Aim of the task
Although the data below contains pictures, output only the lines between those holding "NEPHROMETRY • #1271" and "Spot Ini! Lawan", inclusive, exactly and without those pictures.
Segment Start: Dataset content
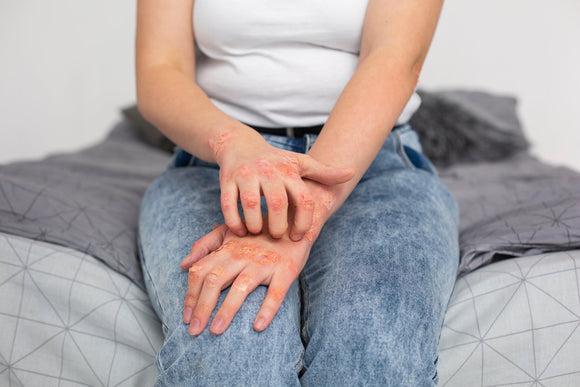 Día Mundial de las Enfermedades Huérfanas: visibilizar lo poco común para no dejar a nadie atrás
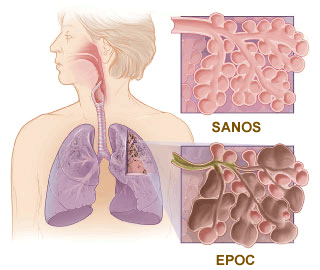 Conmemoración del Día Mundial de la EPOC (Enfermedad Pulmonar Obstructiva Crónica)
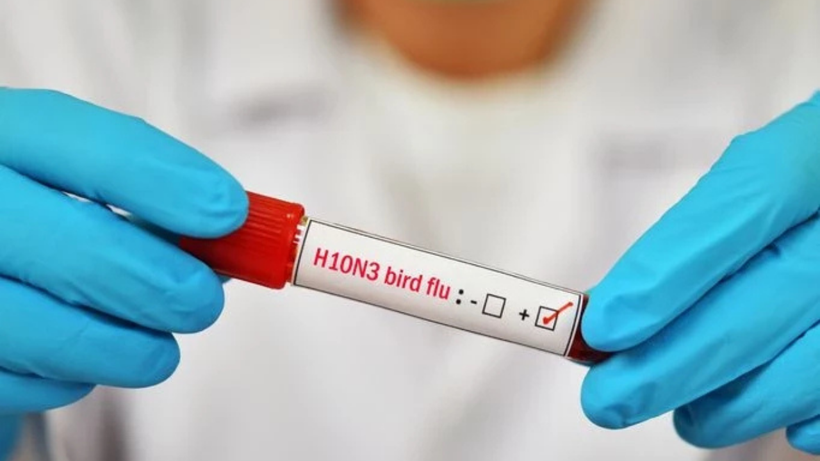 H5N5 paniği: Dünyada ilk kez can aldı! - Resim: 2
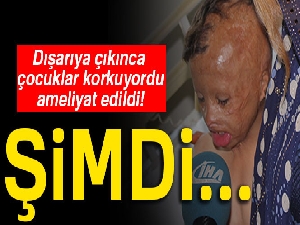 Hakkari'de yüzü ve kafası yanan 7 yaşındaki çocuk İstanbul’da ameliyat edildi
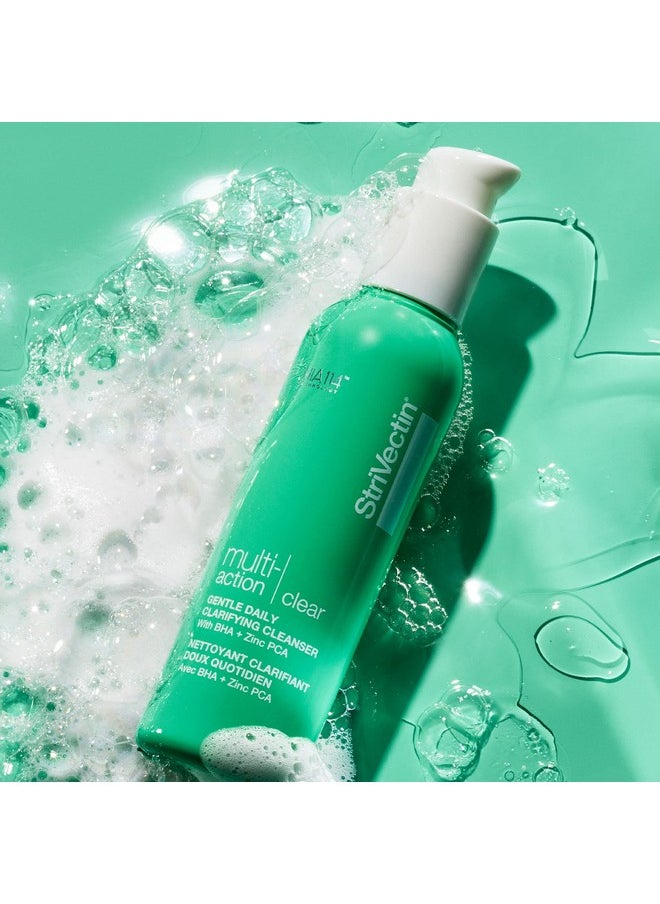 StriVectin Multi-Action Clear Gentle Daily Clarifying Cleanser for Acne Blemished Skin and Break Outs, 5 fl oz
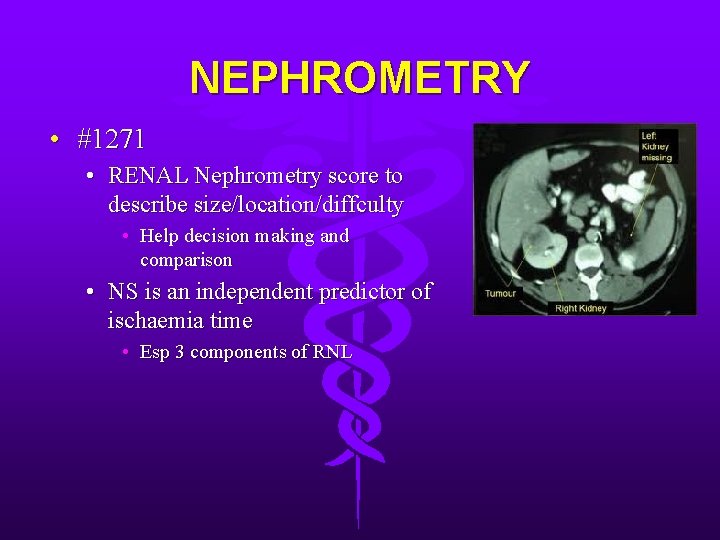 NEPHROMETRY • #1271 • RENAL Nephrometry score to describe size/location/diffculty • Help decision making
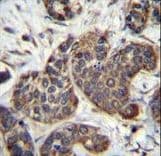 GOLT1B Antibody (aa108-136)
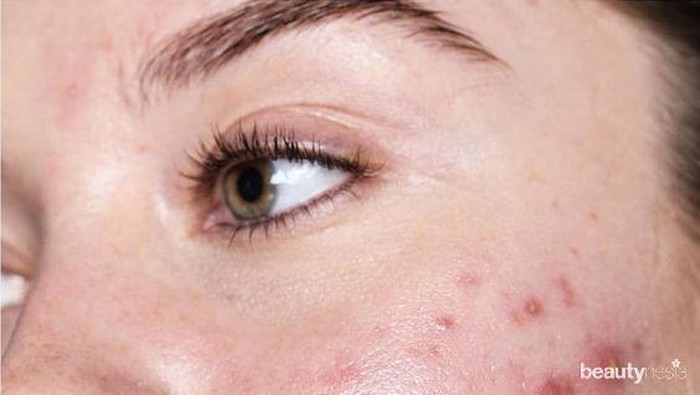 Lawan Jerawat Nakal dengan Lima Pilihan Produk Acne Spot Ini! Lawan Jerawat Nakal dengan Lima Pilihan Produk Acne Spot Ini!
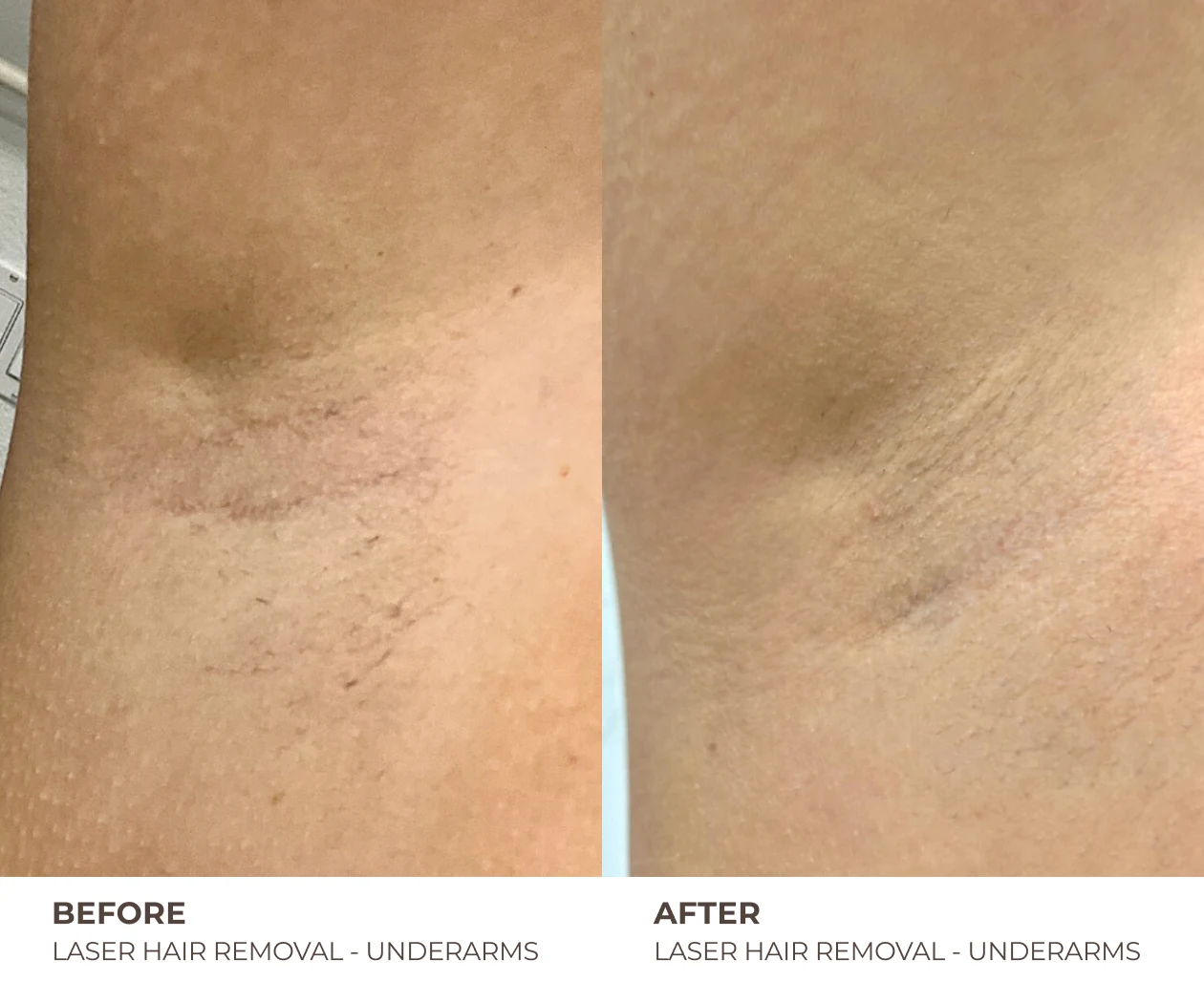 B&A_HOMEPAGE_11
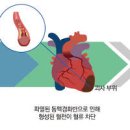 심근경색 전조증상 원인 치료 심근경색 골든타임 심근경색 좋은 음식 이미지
Segment End: Dataset content
Segment Start: Dataset content
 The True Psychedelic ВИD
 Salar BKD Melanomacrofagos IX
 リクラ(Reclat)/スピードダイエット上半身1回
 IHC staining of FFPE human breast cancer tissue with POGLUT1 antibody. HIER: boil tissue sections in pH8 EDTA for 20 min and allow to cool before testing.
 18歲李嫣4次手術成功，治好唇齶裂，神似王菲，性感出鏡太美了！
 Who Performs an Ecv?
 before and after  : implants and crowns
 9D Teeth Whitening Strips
Segment End: Dataset content
Segment Start: Dataset content
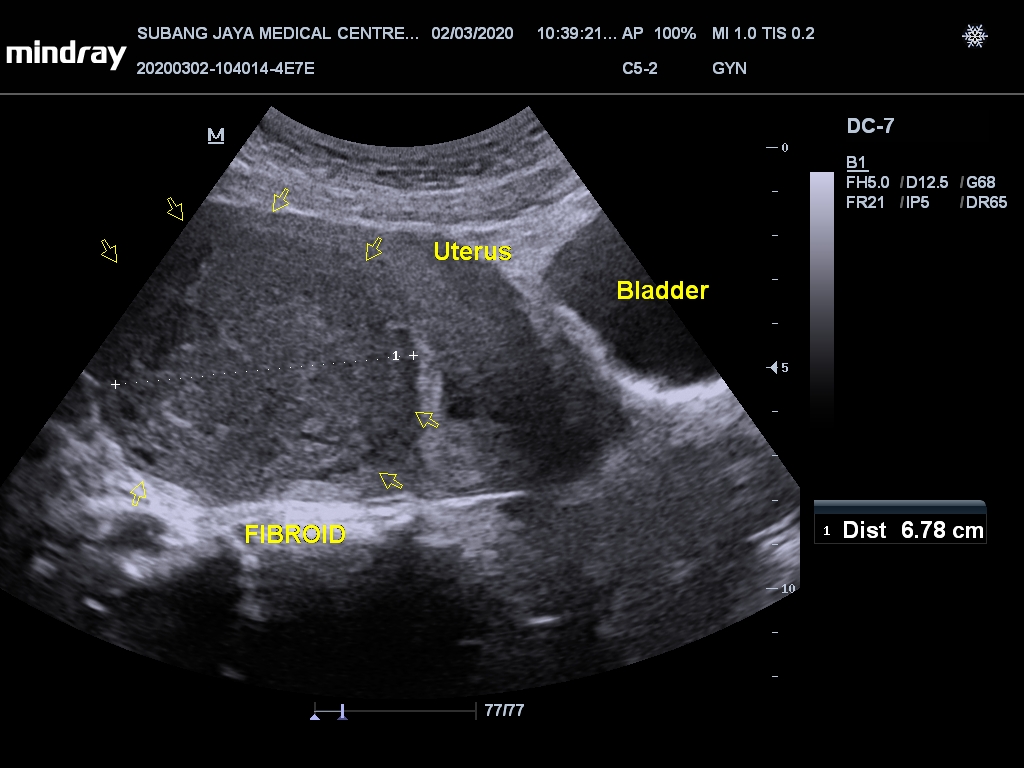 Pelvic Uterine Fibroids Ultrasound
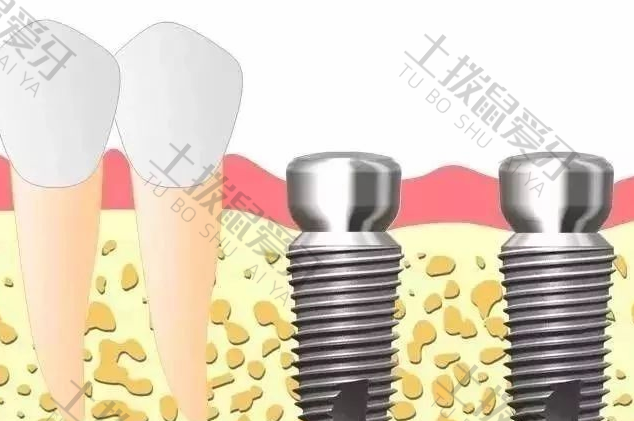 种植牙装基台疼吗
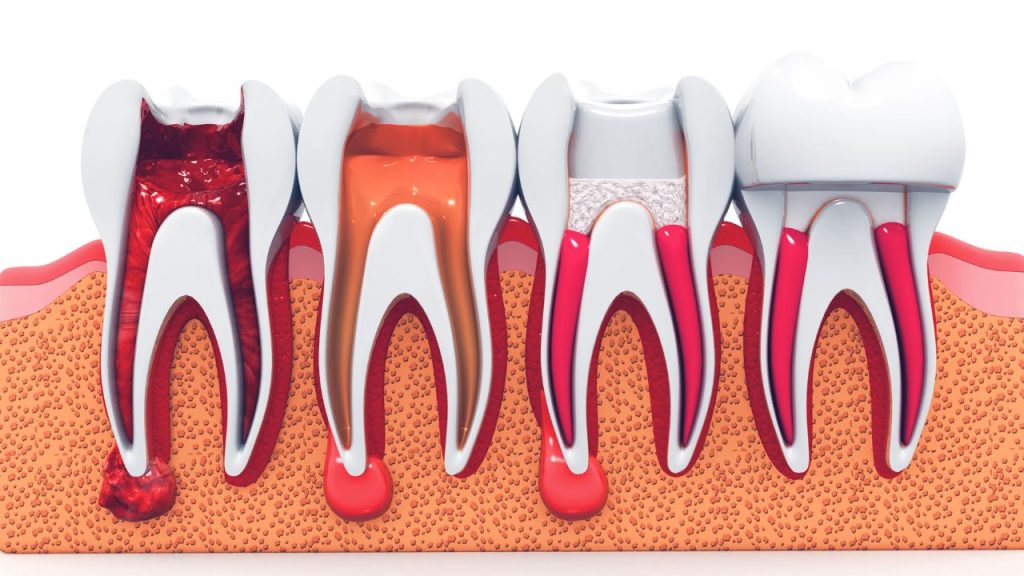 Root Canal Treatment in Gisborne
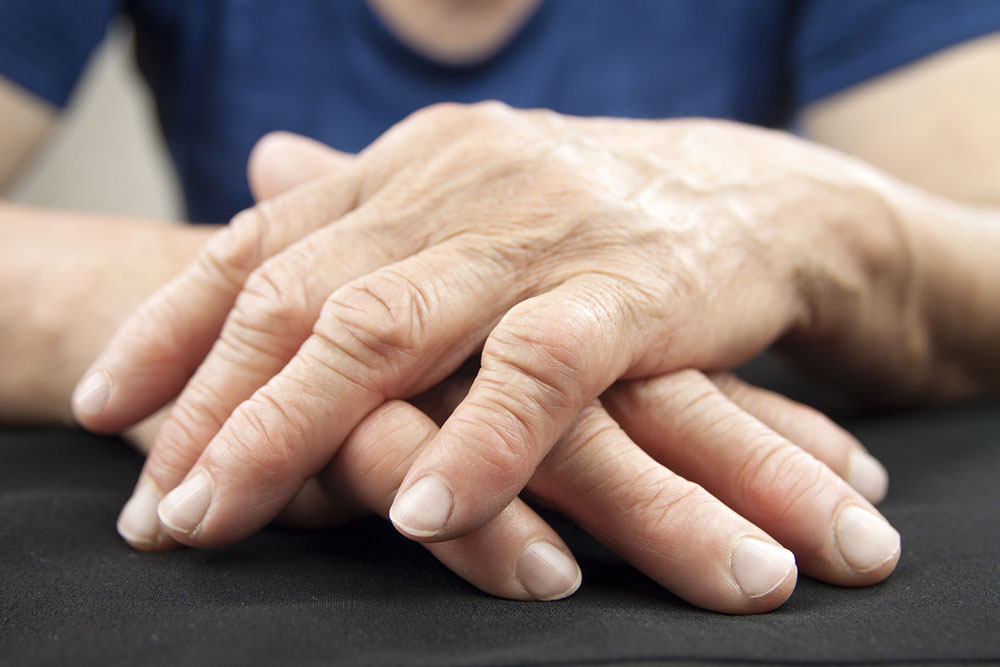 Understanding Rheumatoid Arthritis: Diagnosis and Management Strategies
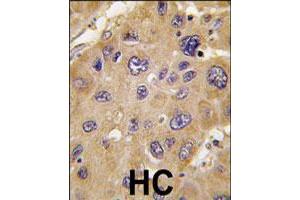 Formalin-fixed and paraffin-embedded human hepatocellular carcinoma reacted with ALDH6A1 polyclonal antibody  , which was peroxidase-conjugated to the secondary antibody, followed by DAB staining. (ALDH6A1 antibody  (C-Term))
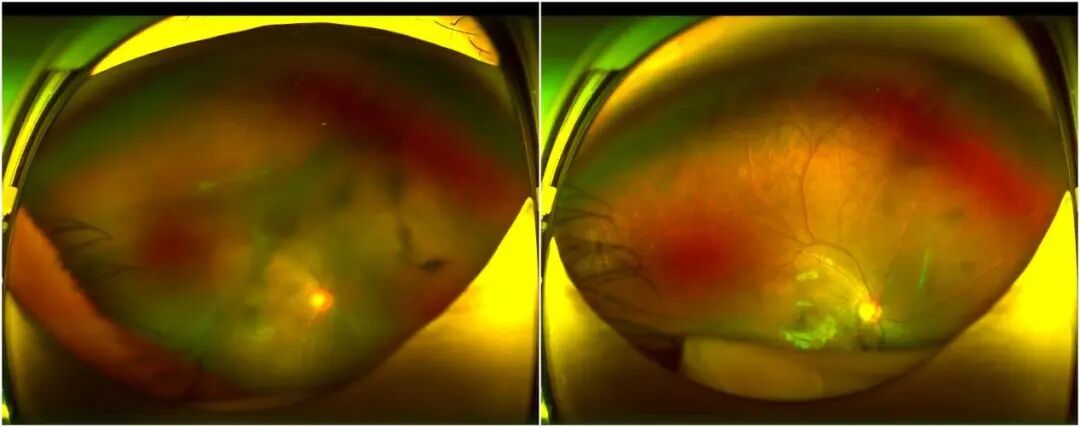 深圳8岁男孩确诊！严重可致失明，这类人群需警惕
Segment End: Dataset content
Task response
 NEPHROMETRY • #1271 • RENAL Nephrometry score to describe size/location/diffculty • Help decision making
 GOLT1B Antibody (aa108-136)
 Lawan Jerawat Nakal dengan Lima Pilihan Produk Acne Spot Ini! Lawan Jerawat Nakal dengan Lima Pilihan Produk Acne Spot Ini!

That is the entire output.